Saturday, November 30, 2013

Preliminary physics and lighting

It's been 10 days, you'd think something might get done in that amount of time. Stuff did get done! We have an all new, in-house physics engine capable of all kinds of fun forces and torques. I wrote a collision shape for grids over the weekend, and that's how the player is colliding now, which you'll see in a video. To my knowledge it's the first time someone's actually integrated a tile grid shape into a physics engine, rather than creating polygon shapes to fit the tile grid.







As you can see, there's little square outlines around some squares.

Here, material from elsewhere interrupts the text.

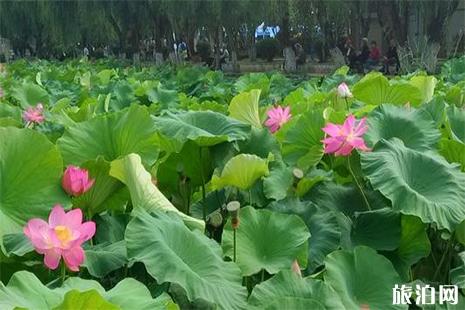 2019上海海灣國家森林公園荷花節 門票+交通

Joel wrote a nifty debug display that outlines tiles that are "interesting," or tiles that need to be processed in some way. Now check out the lighting system! It's not done yet, but there's some progress.



That's all I've got for today. More updates soon. Super stoked to compete in the Imagine Cup Blueprint Challenge!

Wednesday, November 20, 2013

First Update

First post cheeeeee!!!!!!!!!!!!

Tetraverse is a game we're making for the Microsoft Imagine Cup competition. This is where we'll be documenting all of the progress. Let's start with a brief description in one sentence: Tetraverse is a side-scrolling, tile based, sandbox RPG for the PC set in a procedurally generated universe. Whew! We are using an in-house engine written in C++ and designed around the entity component paradigm. We use SFML for rendering and sound, enet for networking, and Spine for skeletal animation.

I'll try to give a brief description of the game. You start on a randomly generated planet. You explore and gather while fending of wild creatures to gain resources. You build shelter and expand your reach. When you have conquered your world, you can build a ship capable of traversing space, find new planets, and have space battles with NPCs and other players over the network. Tetraverse is influenced by games like Terraria and Minecraft, and we wanted to continue that adventure feel with more complex engineering options. Players can design complex systems with our wires and physics, and ships will be completely designed by the players. The universe is completely seamless - you fly your ship out of the atmosphere and through space to other planets.

I started development 2 months ago, and teamed up with Joel and Ryder for the Microsoft Imagine Cup competition around 2 weeks later. So far, we have basic tile functionality, water physics, and I was able to build the first spaceship today. It's super basic and very buggy, but here's a video:



That's all I've got for now - more updates soon!